Fast forward to 2015. By this point I’d been writing poems for ten years, and even had some published. With the film’s thirtieth anniversary on the horizon, the thought of writing a poem returned. Rhyming couplets started drifting into my mind, though I felt they were too sing-songy, if that’s even a word. I didn’t want it to sound like nursery rhyme – rather, like a fairy tale.
I went back to the lines Sarah quotes from her book, and realised they’re almost iambic pentameter – that style beloved of Shakespeare, which lends itself to memorisation. Hardly surprising, as one draft of the script was a poetic novella written by Canadian poet Dennis Lee. So, possibly a sequence of sonnets?
But how many would I need? A quick glance at my Labyrinth DVD suggested that even if I could cover each chapter in one or two sonnets, I would have to write at least fifty (in his whole career, Shakespeare wrote 154 sonnets). That would give me a poem about the length of Christina Rossetti’s Goblin Market. Much more than that, and it would be quicker to watch the movie rather than read the poems. I started scribbling, unsure if I could sustain my enthusiasm.
A sonnet is a poem with fourteen lines. There are several different types. In a Shakespearean sonnet, line 1 rhymes with line 3, line 2 with line 4. Then line 5 rhymes with line 7, line 6 rhymes with line 8. Line 9 rhymes with line 11, line 10 with line 12 – and the last two lines are a rhyming couplet. Each line has ten syllables – and, just to make things more complicated, a rhythm of alternating stressed and unstressed syllables.

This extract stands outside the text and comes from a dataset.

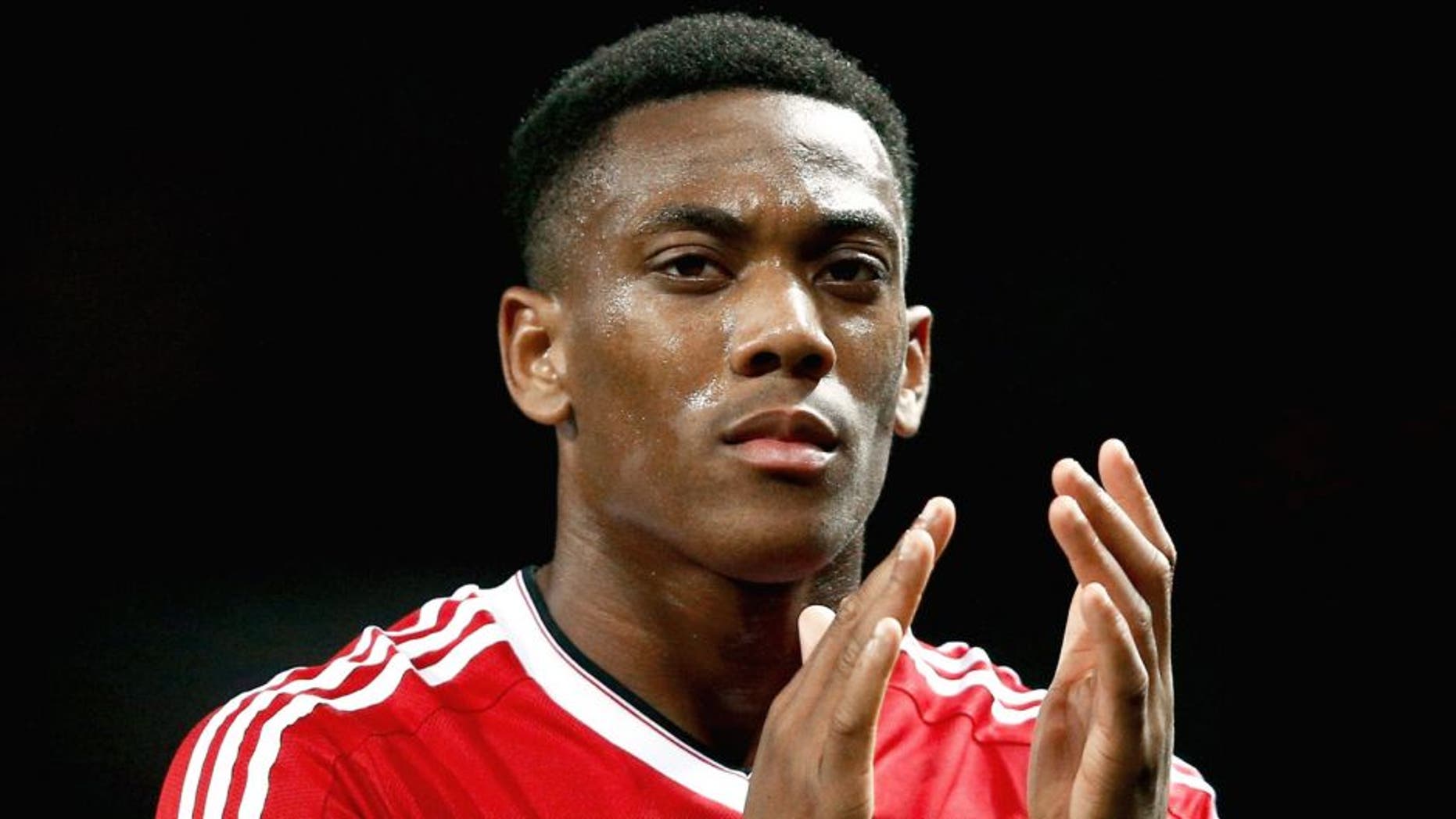 MANCHESTER, ENGLAND - SEPTEMBER 30: Anthony Martial of Manchester United applauds the crowd after victory in the UEFA Champions League Group B match between Manchester United FC and VfL Wolfsburg at Old Trafford on September 30, 2015 in Manchester, United Kingdom. (Photo by Dean Mouhtaropoulos/Getty Images)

Good thing I love a challenge…
Then one morning in January I woke from a nightmare, to discover I was now living in a post-Bowie world.

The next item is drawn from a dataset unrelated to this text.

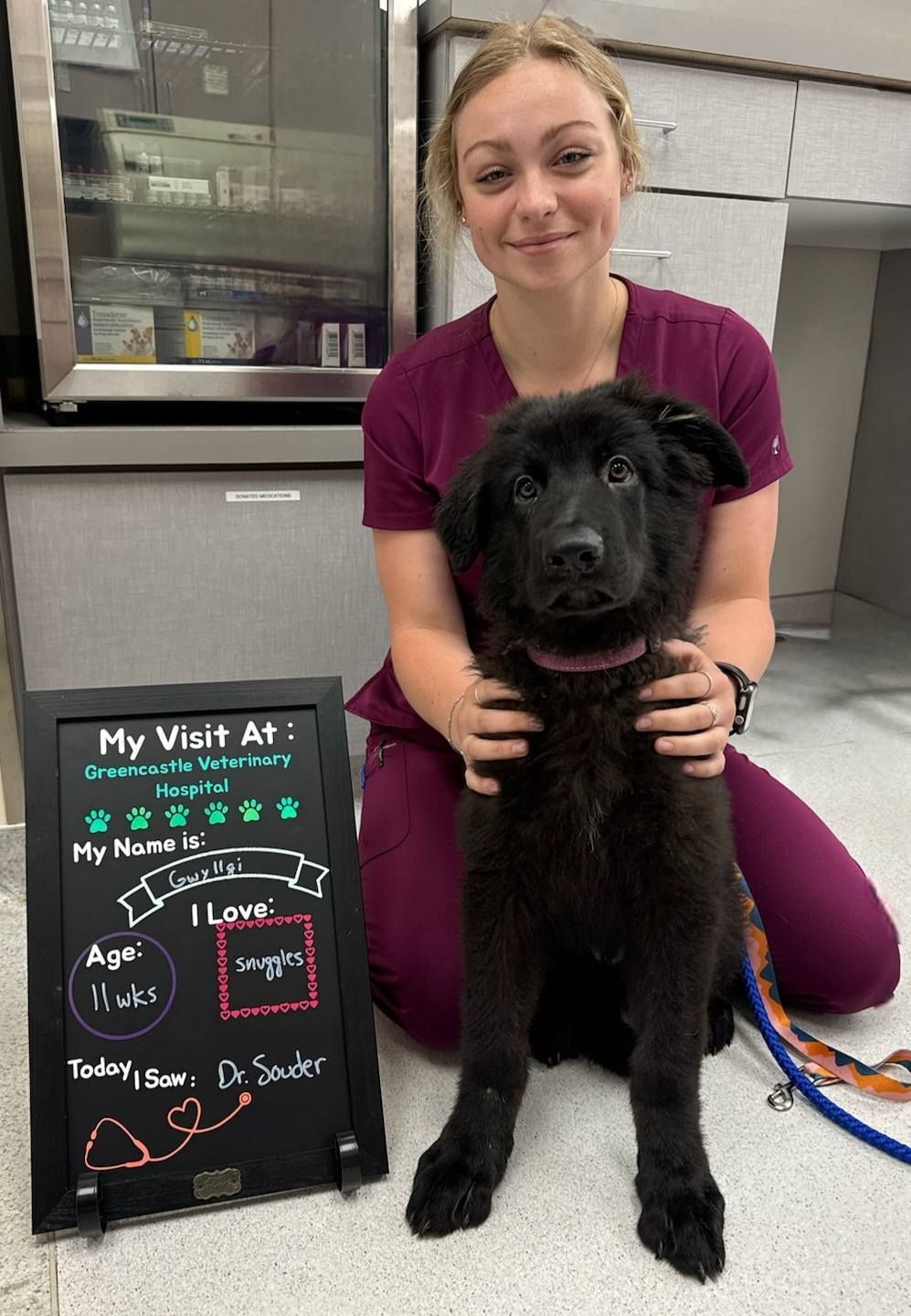 Veterinary tech and black puppy pose with visit sign at a clinic.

Like many others, I was drawn to the shrines which started appearing around London, and I saw how often the messages people were leaving weren’t for Bowie, or even Ziggy – but for Jareth. For many people, Labyrinth was their introduction to Bowie – and now the goblin generation was mourning the loss of the Goblin King…
Suddenly I couldn’t stop writing. I wrote in my lunch break – on trains – at three o’clock in the morning. I wrote at the Bowie mural in Brixton. I wrote at the Beckenham bandstand, where Bowie played a free festival. I wrote in the Zizzi’s restaurant which was once the Three Tuns pub, where Ziggy Stardust was first unveiled.
And now there were glimpses of Bowie in the poems, just as in the film you can glimpse Jareth’s face within the labyrinth. I was surprised how many titles of Bowie songs had managed to hide themselves between the lines.
Grief, transformed into fifty-five sonnets. No longer just a celebration of the movie, but a tribute to the man.
And I’ve made them into a book – available October 2016 from Troubador Publishing.